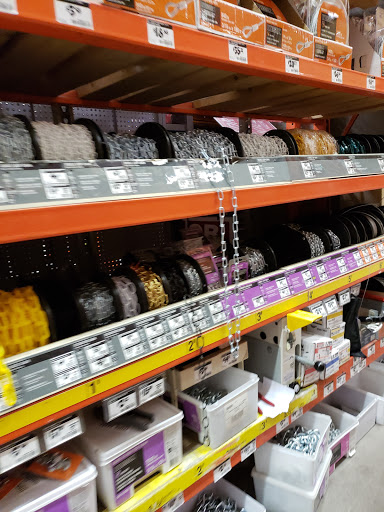 Home Improvement Store «The Home Depot», reviews and photos, 150 Mountaineer Dr, Stroudsburg, PA 18360, USA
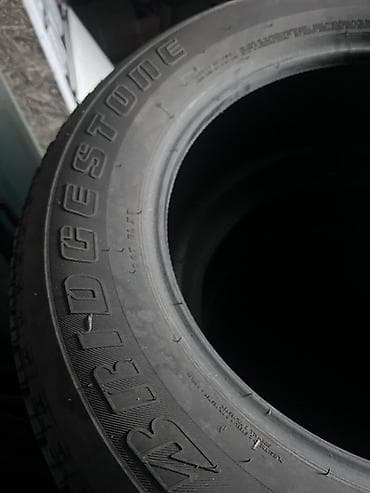 mazda miata: Шины 265 / 60 / R 18, Всесезонная, Б/у, Комплект, Внедорожные (АТ/МТ), Япония, Bridgestone — 4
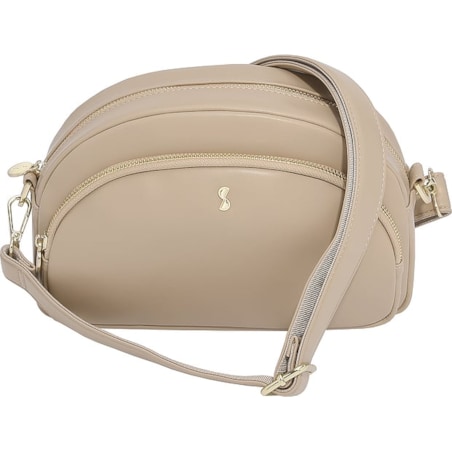 Torba na ramię Stackers camel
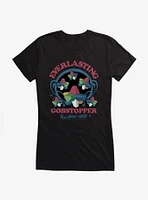 Willy Wonka And The Chocolate Factory Ever Lasting Gobstopper Girls T-Shirt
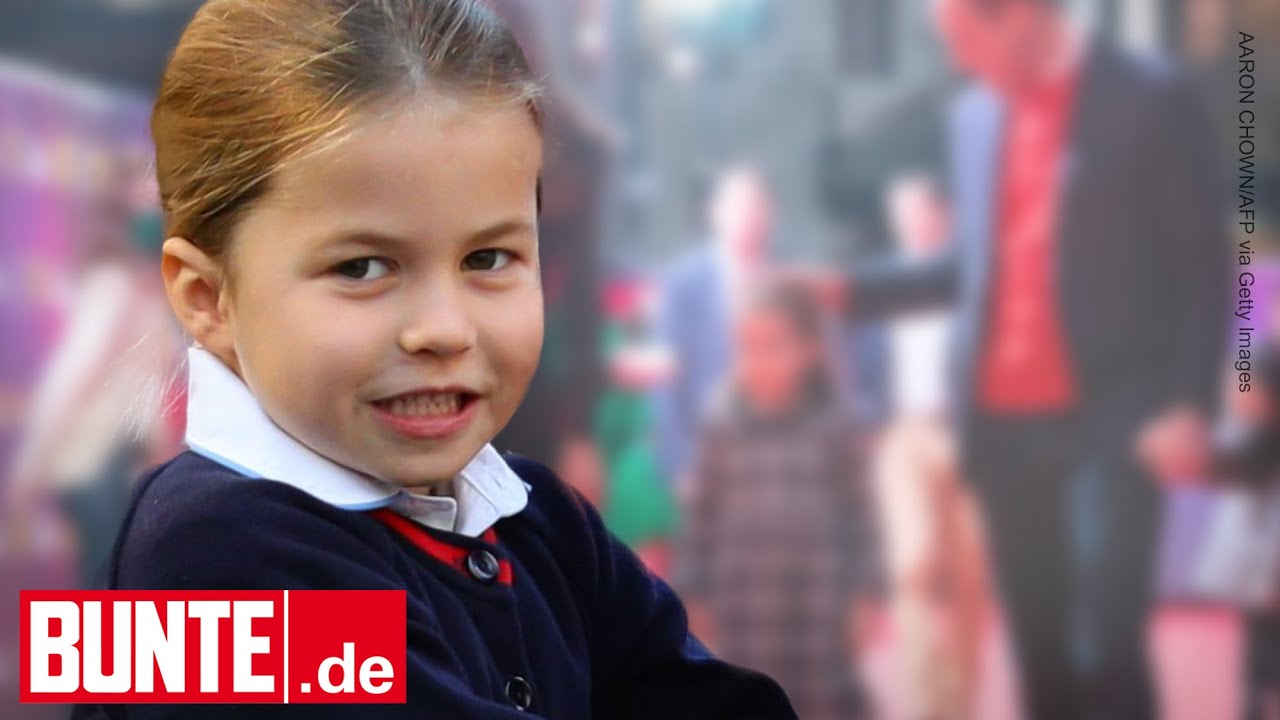 Prinzessin Charlotte – Papa, ich bin alt genug: Das gefällt ihr nicht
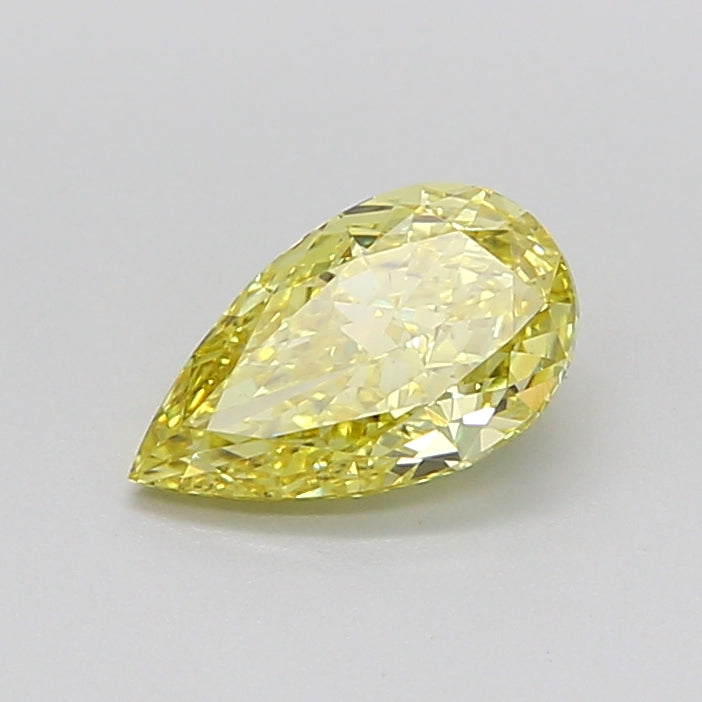 1.06ct Pear  VS1 Lab Created Diamond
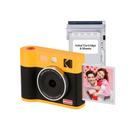 Câmera Instantânea Kodak Mini Shot 3 Retro - Impressora Fotográfica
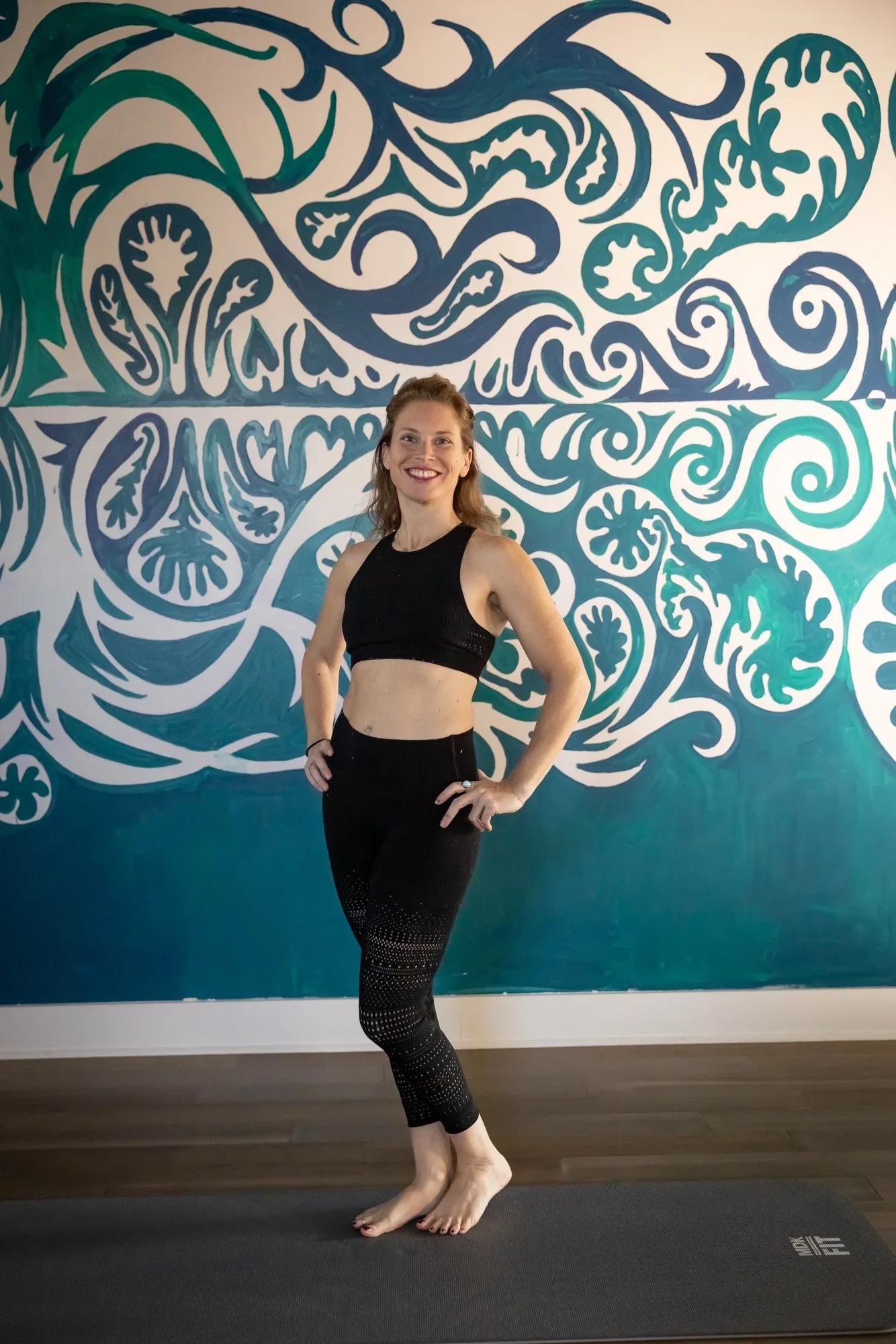 Christine Strong Yoga Instructor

════

- _Task goal_:
Reproduce the records verbatim, omitting all images they contain.

- _Solution to this exercise_:
 Home Improvement Store «The Home Depot», reviews and photos, 150 Mountaineer Dr, Stroudsburg, PA 18360, USA
 mazda miata: Шины 265 / 60 / R 18, Всесезонная, Б/у, Комплект, Внедорожные (АТ/МТ), Япония, Bridgestone — 4
 Torba na ramię Stackers camel
 Willy Wonka And The Chocolate Factory Ever Lasting Gobstopper Girls T-Shirt
 Prinzessin Charlotte – Papa, ich bin alt genug: Das gefällt ihr nicht
 1.06ct Pear  VS1 Lab Created Diamond
 Câmera Instantânea Kodak Mini Shot 3 Retro - Impressora Fotográfica
 Christine Strong Yoga Instructor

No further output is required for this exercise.